Directions for this task => Please give back each line below unchanged; none of the pictures should appear.

Available data Start Marker

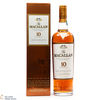 Macallan - 10 Year Old - Sherry Oak Thumbnail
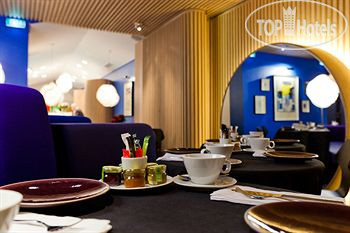 New photos from tourists Hotel du Ministere 4*
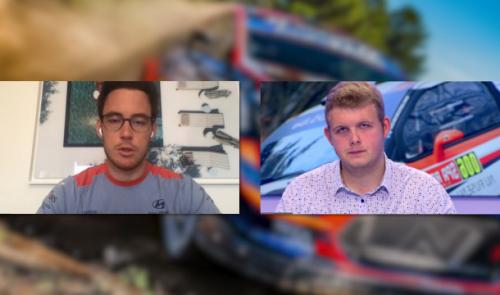 Neuville: "Le titre a perdu de son importance cette saison"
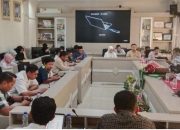 Rencana Pelantikan Rektor Baru Unismuh Makassar Dirangkaikan Peresmian Gedung Baru Fakultas Kedokteran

Available data End Marker

Output below =>
 Macallan - 10 Year Old - Sherry Oak Thumbnail
 New photos from tourists Hotel du Ministere 4*
 Neuville: "Le titre a perdu de son importance cette saison"
 Rencana Pelantikan Rektor Baru Unismuh Makassar Dirangkaikan Peresmian Gedung Baru Fakultas Kedokteran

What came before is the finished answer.